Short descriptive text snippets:
========================================

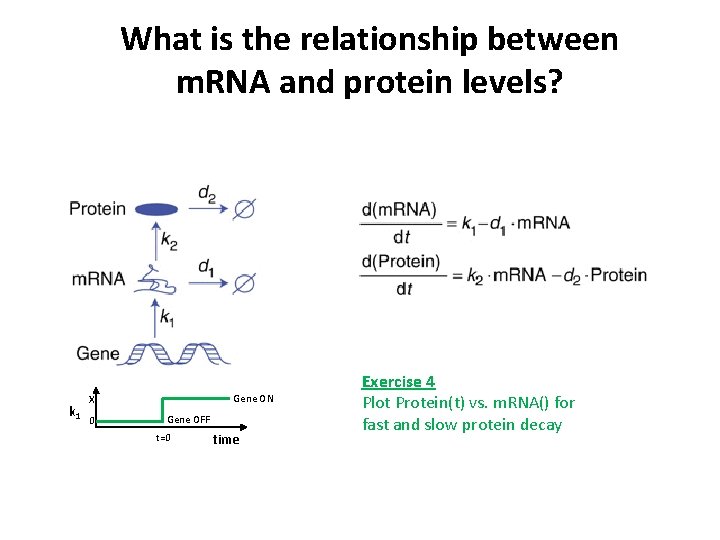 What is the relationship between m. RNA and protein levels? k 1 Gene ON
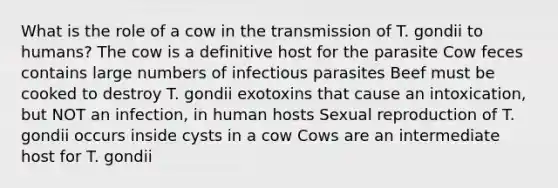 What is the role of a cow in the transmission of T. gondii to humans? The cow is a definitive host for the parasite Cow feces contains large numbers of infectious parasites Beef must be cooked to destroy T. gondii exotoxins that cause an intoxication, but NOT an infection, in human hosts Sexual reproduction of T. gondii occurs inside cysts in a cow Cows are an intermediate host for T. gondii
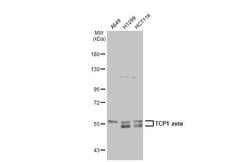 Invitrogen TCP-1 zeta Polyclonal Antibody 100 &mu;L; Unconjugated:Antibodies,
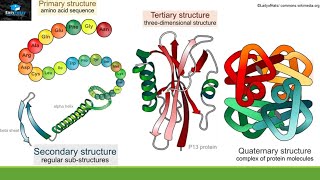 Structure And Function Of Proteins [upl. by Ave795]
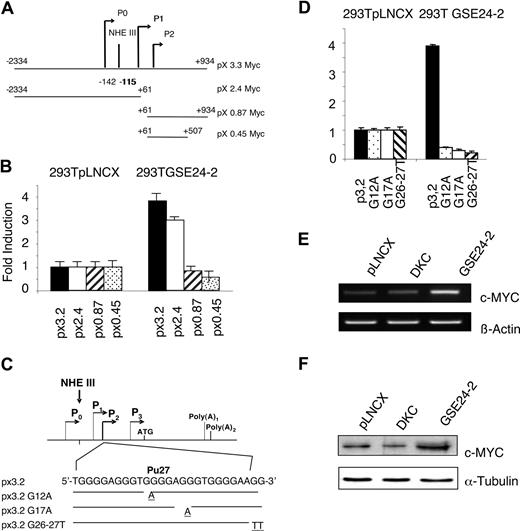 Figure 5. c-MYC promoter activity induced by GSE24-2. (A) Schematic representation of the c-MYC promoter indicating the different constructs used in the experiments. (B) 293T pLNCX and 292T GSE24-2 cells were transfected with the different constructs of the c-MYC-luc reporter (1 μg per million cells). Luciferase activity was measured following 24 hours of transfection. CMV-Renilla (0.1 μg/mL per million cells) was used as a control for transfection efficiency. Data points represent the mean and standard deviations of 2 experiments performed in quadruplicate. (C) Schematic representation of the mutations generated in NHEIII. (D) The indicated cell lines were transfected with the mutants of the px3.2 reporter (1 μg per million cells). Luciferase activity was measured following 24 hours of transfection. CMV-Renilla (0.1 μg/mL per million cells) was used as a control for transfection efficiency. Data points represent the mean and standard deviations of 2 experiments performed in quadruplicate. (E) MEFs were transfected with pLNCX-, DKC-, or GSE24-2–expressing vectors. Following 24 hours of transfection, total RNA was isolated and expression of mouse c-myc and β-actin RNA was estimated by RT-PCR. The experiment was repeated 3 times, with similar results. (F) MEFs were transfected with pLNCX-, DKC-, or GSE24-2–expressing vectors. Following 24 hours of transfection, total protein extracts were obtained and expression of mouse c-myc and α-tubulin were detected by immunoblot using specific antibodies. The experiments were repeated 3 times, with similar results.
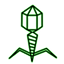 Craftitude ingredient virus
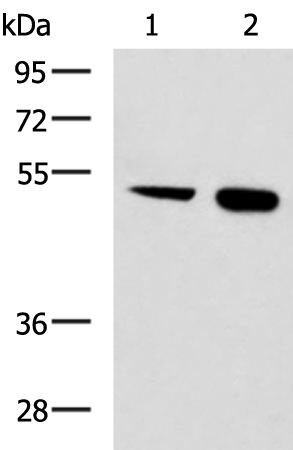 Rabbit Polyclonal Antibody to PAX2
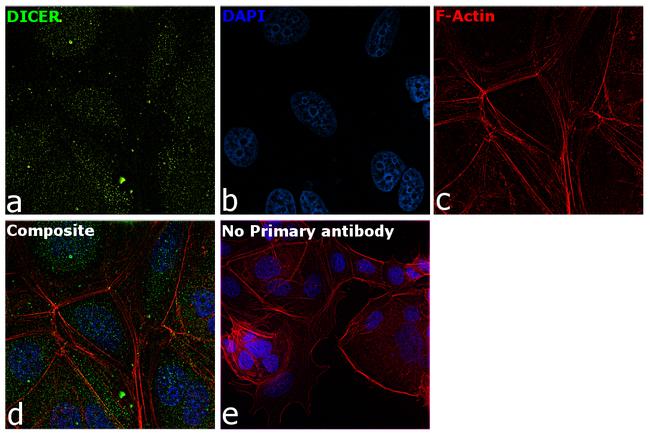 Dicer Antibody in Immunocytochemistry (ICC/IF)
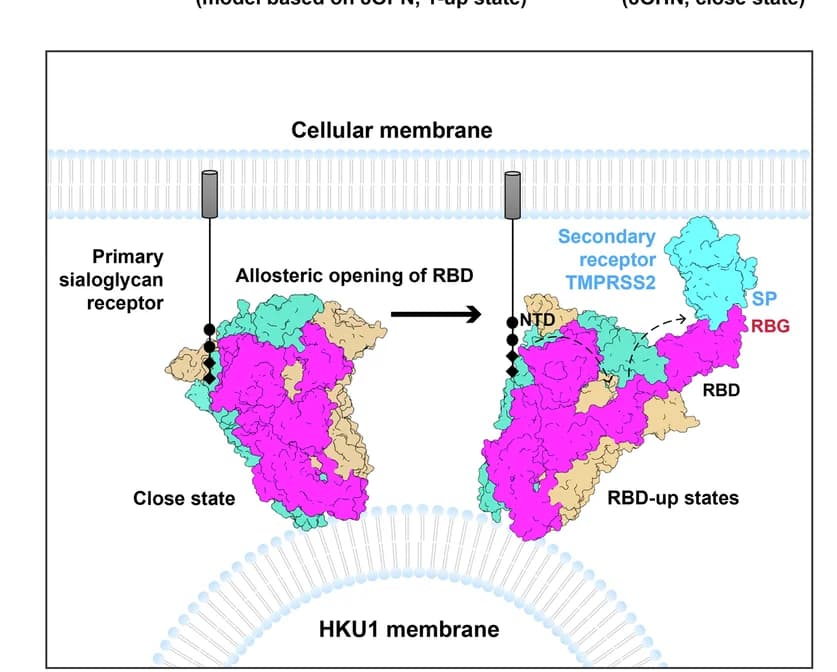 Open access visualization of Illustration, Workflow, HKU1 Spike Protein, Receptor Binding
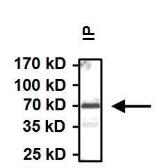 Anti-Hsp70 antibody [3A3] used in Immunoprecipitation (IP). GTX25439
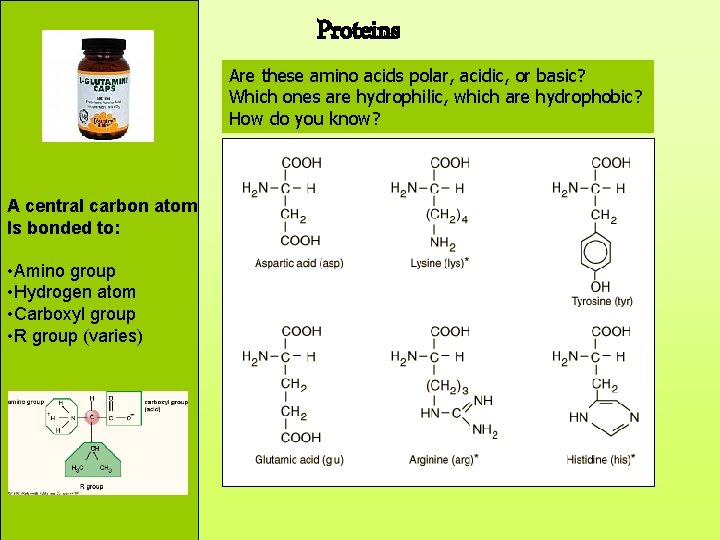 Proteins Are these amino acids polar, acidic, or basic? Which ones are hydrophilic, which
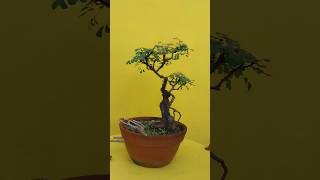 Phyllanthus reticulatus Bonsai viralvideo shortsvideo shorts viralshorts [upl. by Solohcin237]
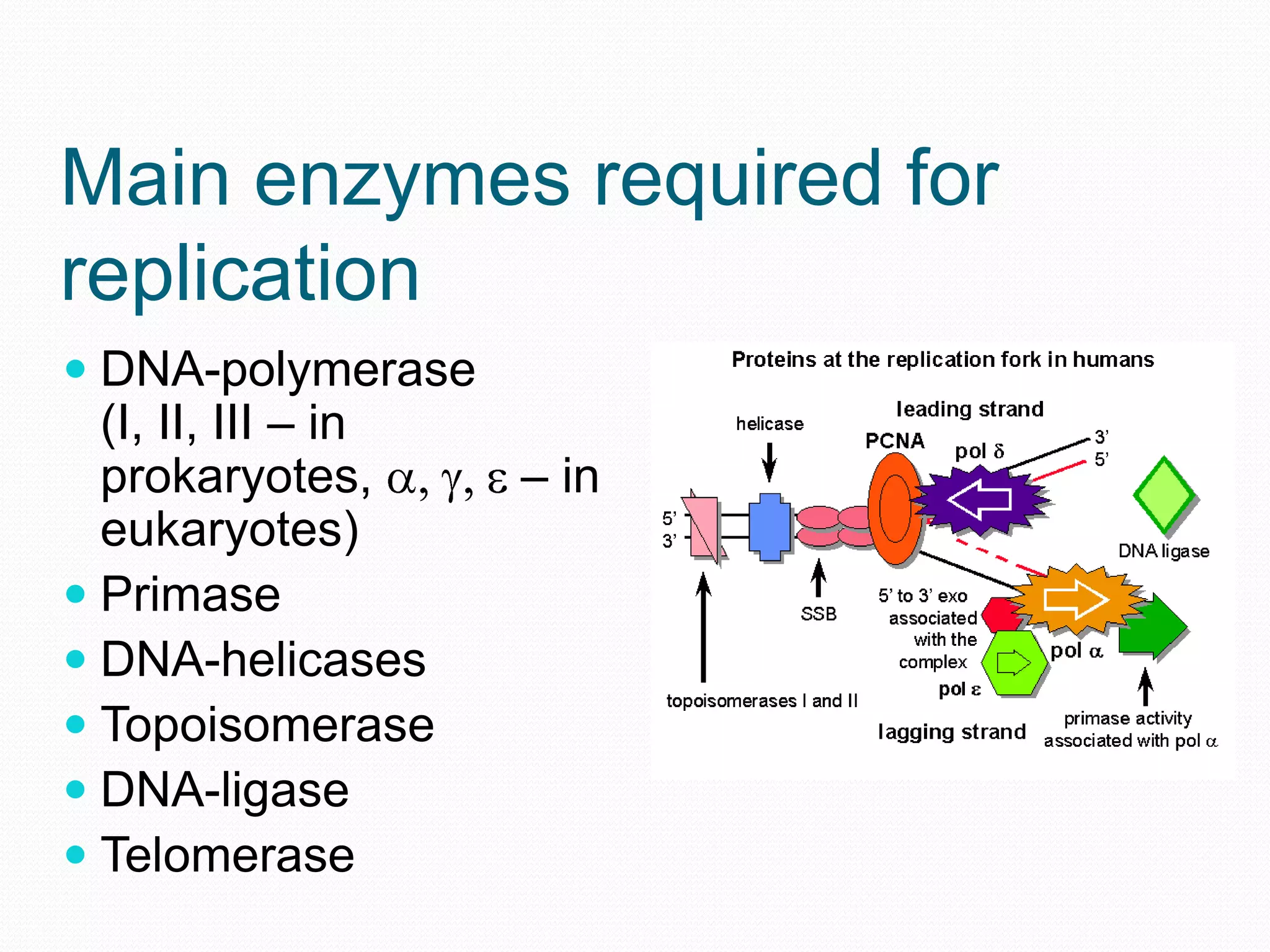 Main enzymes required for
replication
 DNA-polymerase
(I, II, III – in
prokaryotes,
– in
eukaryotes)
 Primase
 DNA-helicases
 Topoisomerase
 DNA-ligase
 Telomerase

========================================

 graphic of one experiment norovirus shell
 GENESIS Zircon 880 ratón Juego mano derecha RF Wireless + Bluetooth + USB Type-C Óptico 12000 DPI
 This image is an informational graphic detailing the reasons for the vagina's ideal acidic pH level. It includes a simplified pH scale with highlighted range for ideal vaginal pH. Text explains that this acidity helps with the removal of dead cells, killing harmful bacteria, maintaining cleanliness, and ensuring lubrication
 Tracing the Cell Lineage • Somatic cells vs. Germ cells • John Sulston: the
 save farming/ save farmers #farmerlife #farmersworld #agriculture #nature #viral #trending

========================================

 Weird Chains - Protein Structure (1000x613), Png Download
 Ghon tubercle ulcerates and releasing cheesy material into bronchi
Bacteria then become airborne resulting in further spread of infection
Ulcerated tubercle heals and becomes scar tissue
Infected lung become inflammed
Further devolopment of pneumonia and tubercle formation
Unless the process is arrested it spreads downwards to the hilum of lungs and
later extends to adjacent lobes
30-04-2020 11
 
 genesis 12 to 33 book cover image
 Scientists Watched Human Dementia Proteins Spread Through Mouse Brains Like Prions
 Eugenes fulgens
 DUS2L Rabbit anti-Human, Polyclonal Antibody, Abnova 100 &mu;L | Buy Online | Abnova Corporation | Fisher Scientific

========================================

About this exercise: Could you filter the entries above for lines holding the string "tubercle" and copy them?

Reply:
 Ghon tubercle ulcerates and releasing cheesy material into bronchi
Ulcerated tubercle heals and becomes scar tissue
Further devolopment of pneumonia and tubercle formation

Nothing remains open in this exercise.